Sekarang, aku bekerja di sebuah lembaga bantuan hukum di Jakarta. Aku bekerja keras tiap hari. Aku punya satu impian. Aku ingin membalas kebaikan orangtuaku.

Aku ingin membahagiakan bapak, apalagi bapak didiagnosis menderita kanker paru-paru. Aku ingin bapak sembuh.



Kadang ... hal-hal terjadi dalam hidup ini tanpa terduga.

Karierku semakin menanjak, dan sekarang aku bekerja di satu perusahaan asing dengan gaji cukup besar.

Yang membuatku terkejut, ketika istirahat jam makan siang di mal, aku melihat Claudia sedang berjalan kaki menyusuri lorong di sepanjang pertokoan sambil menenteng tas berukuran besar.

Aku menghampirinya, tapi dia buru-buru pergi.
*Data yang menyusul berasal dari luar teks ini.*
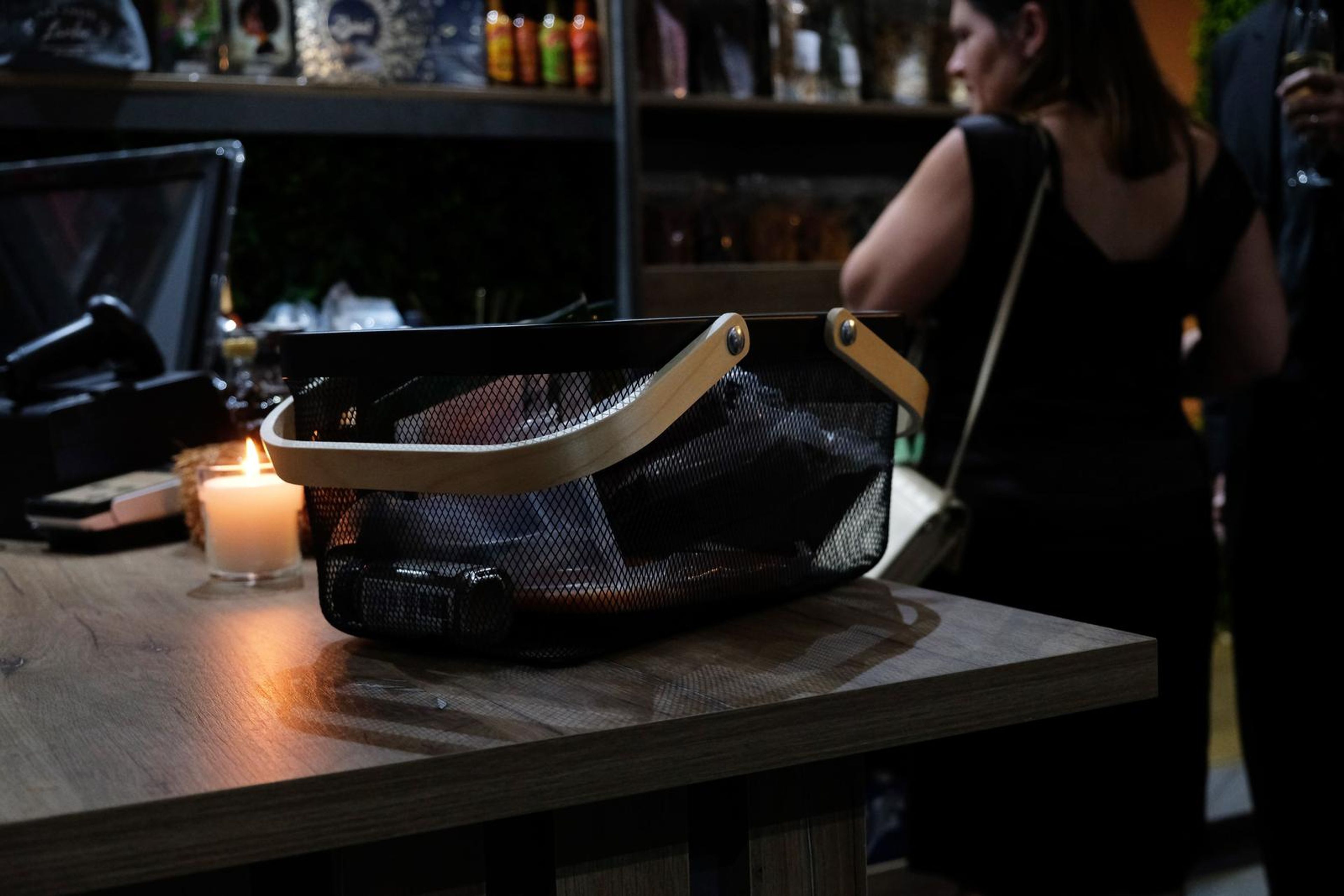 Shopping basket on the counter beside a lit candle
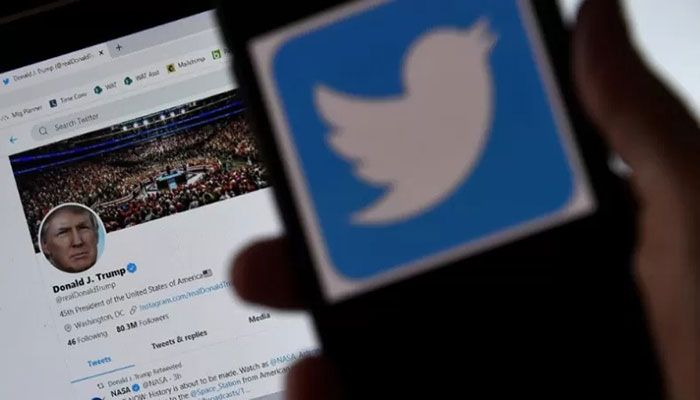 A Twitter logo is displayed on a mobile phone with former president Trump's Twitter page shown in the background on May 27, 2020, in Arlington, Virginia || AFP Photo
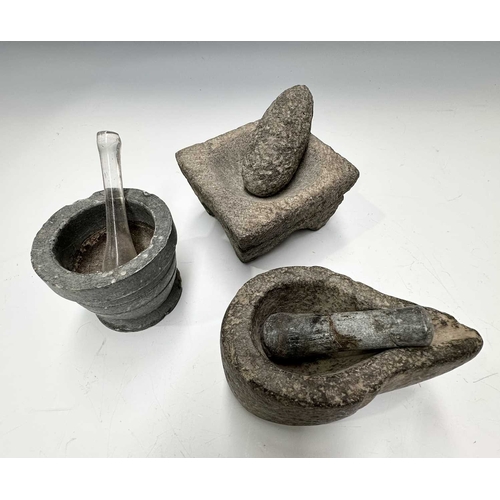 179 - A small stone, possibly ancient, pear-shaped mortar with pouring spout, height 6cm, a square basalt ... 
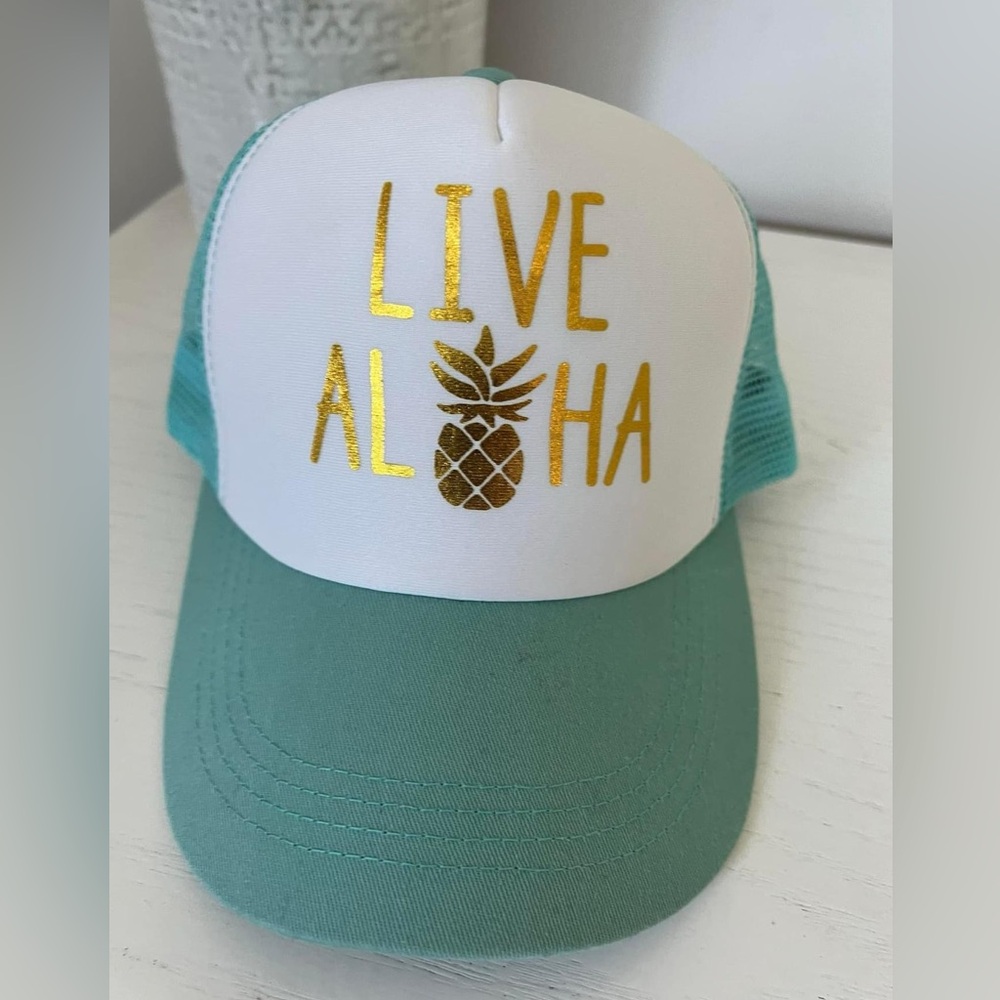Live Aloha trucker hat. Turquoise with gold lettering.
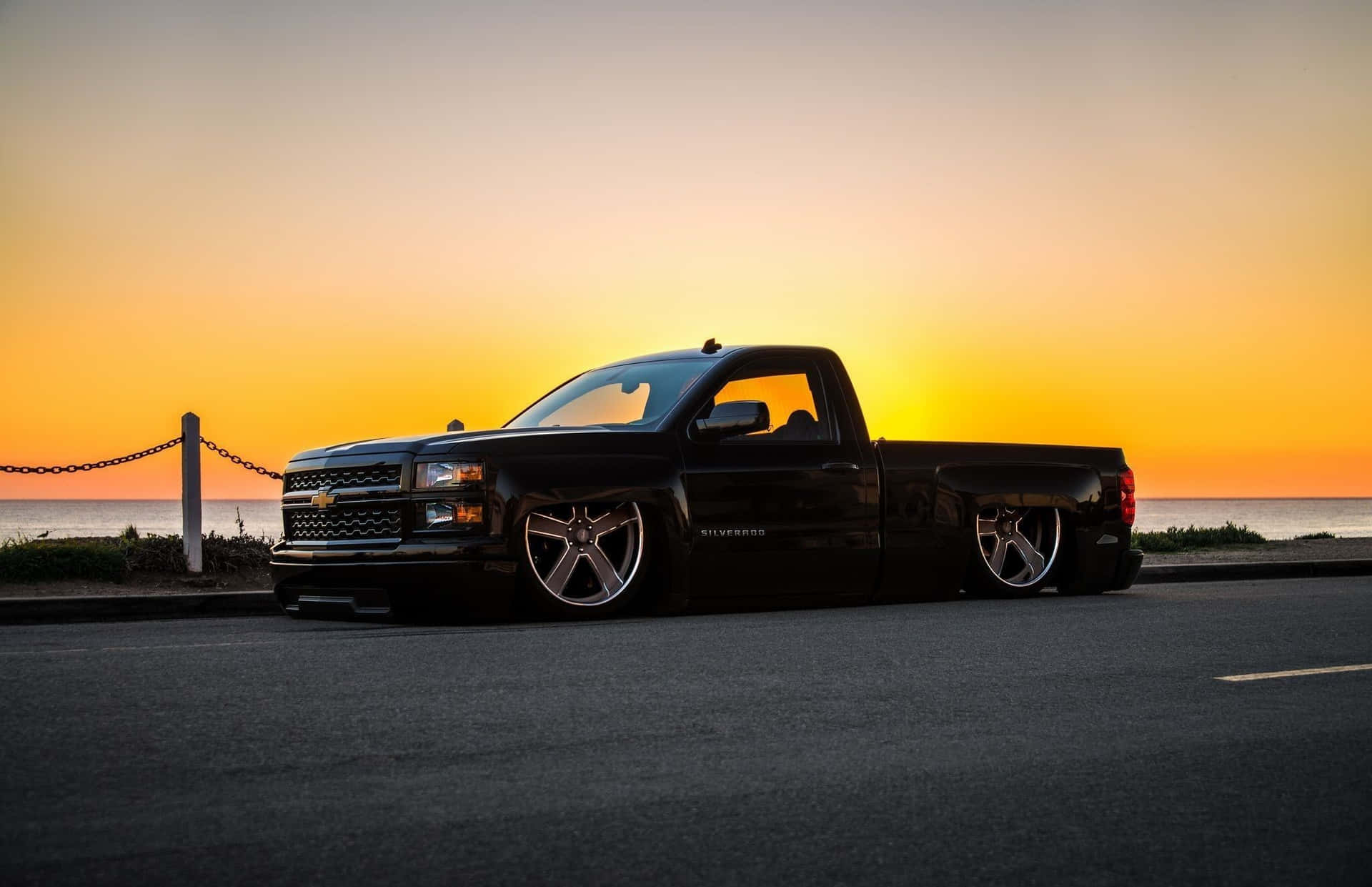 Download A Black Pickup Truck Parked On The Side Of The Road Wallpaper
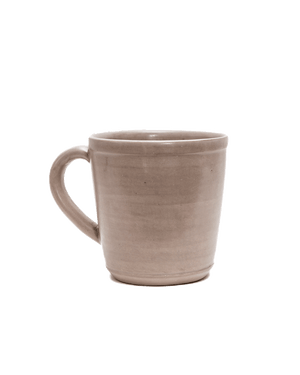 Beige ceramic mug on a white background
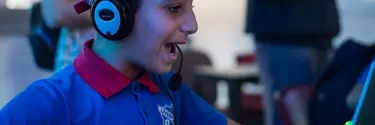 A boy on computer wearing a headset.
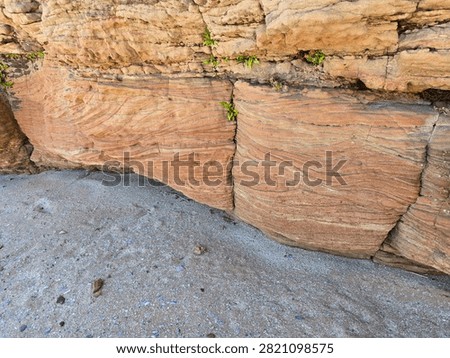 Dramatic red sandstone cliffs and exposed rock bed along the coastline of Hilbre Island at low tide under a bright blue sky, weathered red sandstone rock formations displaying natural erosion layers on the shore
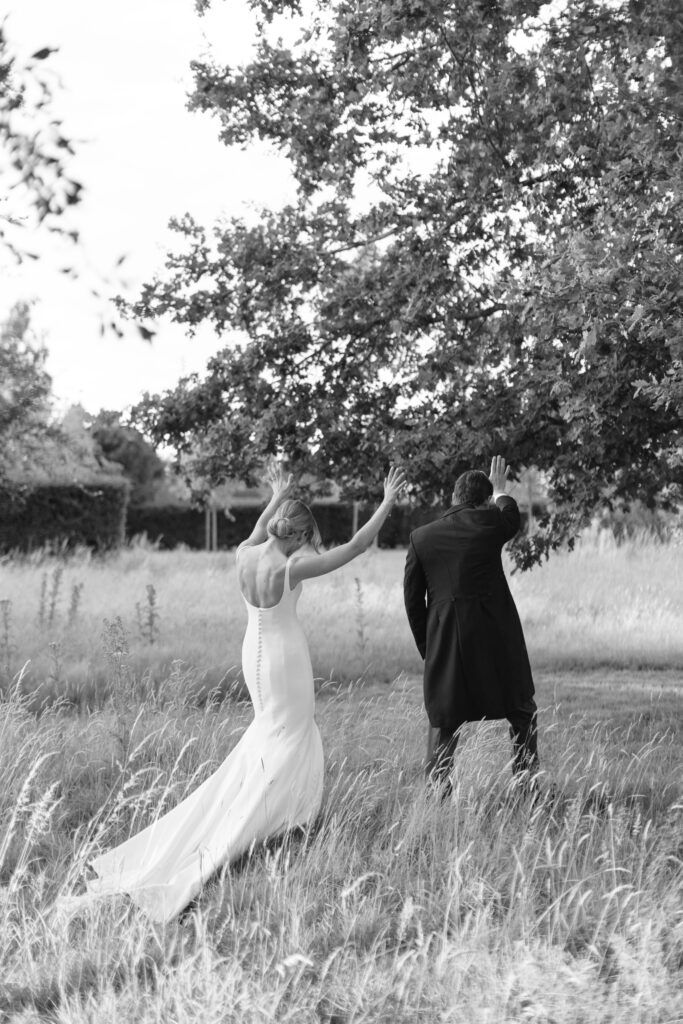 A bride and groom, seen from behind, walk through tall grass with their arms raised, under a large tree. The scene is in black and white.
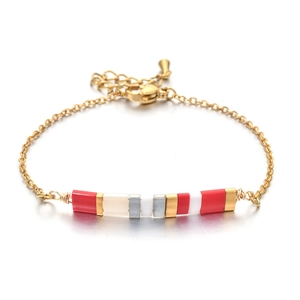 Elegant gold-plated stainless steel bracelet featuring colorful Tila beads with lobster clasp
Ternyata, usaha properti ayah Claudia bangkrut. Claudia tak lulus kuliah, dan sekarang pekerjaannya adalah menjadi sales keliling barang-barang elektronik.



Kadang ... hidup bisa terasa tak adil.

Dengan pekerjaanku, sedikit demi sedikit aku dapat mengumpulkan uang. Aku akan membelikan bapak rumah yang lebih besar, kasur yang empuk, pakaian yang bagus, dan makanan yang enak.

Aku juga ingin mengajak bapak jalan-jalan ke mal, atau ke mana pun yang bapak mau. Itu adalah janjiku pada bapak saat bapak sudah sembuh dari kankernya.

Belum satu pun rencana itu terwujud, Tuhan memanggil bapak. Aku sungguh ingin marah pada Tuhan, yang telah mengambil bapak dariku.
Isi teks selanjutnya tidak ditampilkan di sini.